=== EXERCISE PROMPT ===
Return the lines below exactly as they appear, please, starting with the first and ending with the one that contains "2017 Mazda MAZDA3 Touring".

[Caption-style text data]
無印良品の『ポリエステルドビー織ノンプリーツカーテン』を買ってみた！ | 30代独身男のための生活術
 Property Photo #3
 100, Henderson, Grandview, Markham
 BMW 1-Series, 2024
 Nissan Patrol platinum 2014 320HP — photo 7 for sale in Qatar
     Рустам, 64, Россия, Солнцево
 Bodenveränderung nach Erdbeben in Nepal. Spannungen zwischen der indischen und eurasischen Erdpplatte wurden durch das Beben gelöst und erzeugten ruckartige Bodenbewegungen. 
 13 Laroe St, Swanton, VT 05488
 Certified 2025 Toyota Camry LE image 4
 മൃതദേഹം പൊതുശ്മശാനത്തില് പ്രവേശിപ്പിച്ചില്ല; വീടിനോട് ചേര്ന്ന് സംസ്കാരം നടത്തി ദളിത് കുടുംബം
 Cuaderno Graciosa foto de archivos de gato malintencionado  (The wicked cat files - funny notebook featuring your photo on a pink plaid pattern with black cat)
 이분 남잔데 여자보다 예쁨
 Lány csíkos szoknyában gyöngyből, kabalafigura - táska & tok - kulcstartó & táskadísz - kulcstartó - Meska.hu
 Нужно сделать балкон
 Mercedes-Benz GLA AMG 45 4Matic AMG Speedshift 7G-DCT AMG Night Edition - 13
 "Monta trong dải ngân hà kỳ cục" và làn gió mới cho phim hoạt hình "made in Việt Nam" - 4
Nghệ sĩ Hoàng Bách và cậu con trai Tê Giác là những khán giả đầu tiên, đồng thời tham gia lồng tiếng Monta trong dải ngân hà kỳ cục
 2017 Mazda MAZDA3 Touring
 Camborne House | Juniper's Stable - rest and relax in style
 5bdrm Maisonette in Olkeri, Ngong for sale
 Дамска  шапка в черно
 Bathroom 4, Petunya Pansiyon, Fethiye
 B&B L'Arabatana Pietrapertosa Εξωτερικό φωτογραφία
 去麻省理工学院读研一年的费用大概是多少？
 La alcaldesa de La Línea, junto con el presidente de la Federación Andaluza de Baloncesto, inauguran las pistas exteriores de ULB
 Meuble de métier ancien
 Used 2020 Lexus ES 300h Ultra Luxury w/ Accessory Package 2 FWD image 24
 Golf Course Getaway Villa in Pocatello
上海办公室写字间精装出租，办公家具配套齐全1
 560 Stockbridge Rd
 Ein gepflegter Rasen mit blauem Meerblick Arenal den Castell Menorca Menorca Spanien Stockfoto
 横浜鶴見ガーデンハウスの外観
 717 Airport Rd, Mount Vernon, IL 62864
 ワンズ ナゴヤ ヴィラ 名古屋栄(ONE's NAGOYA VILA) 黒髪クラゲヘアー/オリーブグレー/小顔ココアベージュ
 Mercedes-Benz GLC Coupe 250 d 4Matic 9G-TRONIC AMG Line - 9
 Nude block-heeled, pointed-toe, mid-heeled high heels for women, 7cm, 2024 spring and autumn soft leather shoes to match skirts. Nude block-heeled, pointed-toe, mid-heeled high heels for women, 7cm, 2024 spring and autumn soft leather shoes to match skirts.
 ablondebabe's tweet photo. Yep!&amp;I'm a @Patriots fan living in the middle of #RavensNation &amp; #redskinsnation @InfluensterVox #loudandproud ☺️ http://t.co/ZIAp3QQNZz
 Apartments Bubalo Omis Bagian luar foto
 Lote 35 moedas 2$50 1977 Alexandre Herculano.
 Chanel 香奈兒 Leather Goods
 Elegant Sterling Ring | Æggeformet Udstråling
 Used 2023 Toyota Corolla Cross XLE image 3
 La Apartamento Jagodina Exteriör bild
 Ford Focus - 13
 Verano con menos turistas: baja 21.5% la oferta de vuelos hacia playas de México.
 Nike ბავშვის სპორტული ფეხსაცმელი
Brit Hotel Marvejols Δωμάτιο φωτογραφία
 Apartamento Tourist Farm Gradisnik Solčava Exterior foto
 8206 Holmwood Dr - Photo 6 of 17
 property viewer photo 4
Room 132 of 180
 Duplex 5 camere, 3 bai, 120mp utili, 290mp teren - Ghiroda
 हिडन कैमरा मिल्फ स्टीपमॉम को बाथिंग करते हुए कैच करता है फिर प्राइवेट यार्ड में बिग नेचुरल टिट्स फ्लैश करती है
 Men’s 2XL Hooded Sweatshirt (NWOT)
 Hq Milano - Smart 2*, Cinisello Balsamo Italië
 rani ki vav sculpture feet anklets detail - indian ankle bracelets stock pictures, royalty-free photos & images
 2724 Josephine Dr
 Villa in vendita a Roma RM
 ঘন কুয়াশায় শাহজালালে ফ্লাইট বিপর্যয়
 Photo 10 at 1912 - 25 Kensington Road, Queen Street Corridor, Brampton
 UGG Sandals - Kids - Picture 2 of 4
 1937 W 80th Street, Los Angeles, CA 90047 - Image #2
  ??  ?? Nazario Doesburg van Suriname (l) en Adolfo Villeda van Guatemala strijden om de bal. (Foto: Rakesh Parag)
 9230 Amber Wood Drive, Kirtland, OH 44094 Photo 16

=== THE ANSWER ===
無印良品の『ポリエステルドビー織ノンプリーツカーテン』を買ってみた！ | 30代独身男のための生活術
 Property Photo #3
 100, Henderson, Grandview, Markham
 BMW 1-Series, 2024
 Nissan Patrol platinum 2014 320HP — photo 7 for sale in Qatar
     Рустам, 64, Россия, Солнцево
 Bodenveränderung nach Erdbeben in Nepal. Spannungen zwischen der indischen und eurasischen Erdpplatte wurden durch das Beben gelöst und erzeugten ruckartige Bodenbewegungen. 
 13 Laroe St, Swanton, VT 05488
 Certified 2025 Toyota Camry LE image 4
 മൃതദേഹം പൊതുശ്മശാനത്തില് പ്രവേശിപ്പിച്ചില്ല; വീടിനോട് ചേര്ന്ന് സംസ്കാരം നടത്തി ദളിത് കുടുംബം
 Cuaderno Graciosa foto de archivos de gato malintencionado  (The wicked cat files - funny notebook featuring your photo on a pink plaid pattern with black cat)
 이분 남잔데 여자보다 예쁨
 Lány csíkos szoknyában gyöngyből, kabalafigura - táska & tok - kulcstartó & táskadísz - kulcstartó - Meska.hu
 Нужно сделать балкон
 Mercedes-Benz GLA AMG 45 4Matic AMG Speedshift 7G-DCT AMG Night Edition - 13
 "Monta trong dải ngân hà kỳ cục" và làn gió mới cho phim hoạt hình "made in Việt Nam" - 4
Nghệ sĩ Hoàng Bách và cậu con trai Tê Giác là những khán giả đầu tiên, đồng thời tham gia lồng tiếng Monta trong dải ngân hà kỳ cục
 2017 Mazda MAZDA3 Touring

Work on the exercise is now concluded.